The rash of noose-related incidents after the Jena 6 case made the national news have been characterized as both racially-motivated “backlash” incidents AND an opportunity for serious, open dialogue on race and cultural sensitivity. I agree. They are, or at least could be, both. But let’s not act like the Jena 6 encouraged all this. It’s been going on all across the country – for years. And it continues. Here are just a few links you might want to check out to see what I mean:
- Clemson Students Commemorate Dr.

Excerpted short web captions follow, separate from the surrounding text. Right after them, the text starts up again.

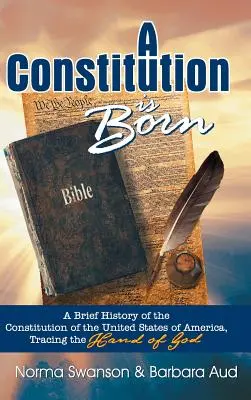 Nace una Constitución: Breve historia de la Constitución de los Estados Unidos de América, siguiendo la mano de Dios - A Constitution Is Born: A Brief History of the Constitution of the United States of America, Tracing the Hand of God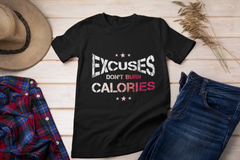 Excuses Don't Burn Calories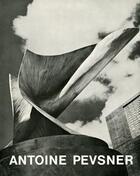 Couverture du livre « Antoine Pevsner » de Pierre Peissi et Carola Giedion-Welcker aux éditions Griffon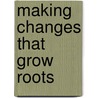 Making Changes That Grow Roots door Sandra Pollock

King - January 30, 2007
- Tolerance.org 2002-09-25: Jim Crow “Bizarre” at OK State
- GT 2001-11-09: The Context of racism at Auburn fraternities
- Tolerance.org (2001-11-08): University of Mississippi Fraternity Suspended Until 2002
- GT 2001-11-06: Virulent racism at Auburn fraternities
And if you think college campuses are the only place where you find this behavior, Google “Shirley Q. Liquor” (too many links to include here since she’s quite popular). Shirley’s actually a 45-year old Caucasian drag queen whose alter-ego is a poor, Black Southern woman with 19 children and a welfare boozer who speaks in Ebonics. The shows are usually packed to the rafters with audience members laughing in hysterics. Many, but not all of them are white. There have been marches at many of those shows. Some of them were shut down but many were not. H-m-m-m seems adolescents aren't the only ones prone to pack behavior. That open dialogue on race and cultural sensitivity is way overdue.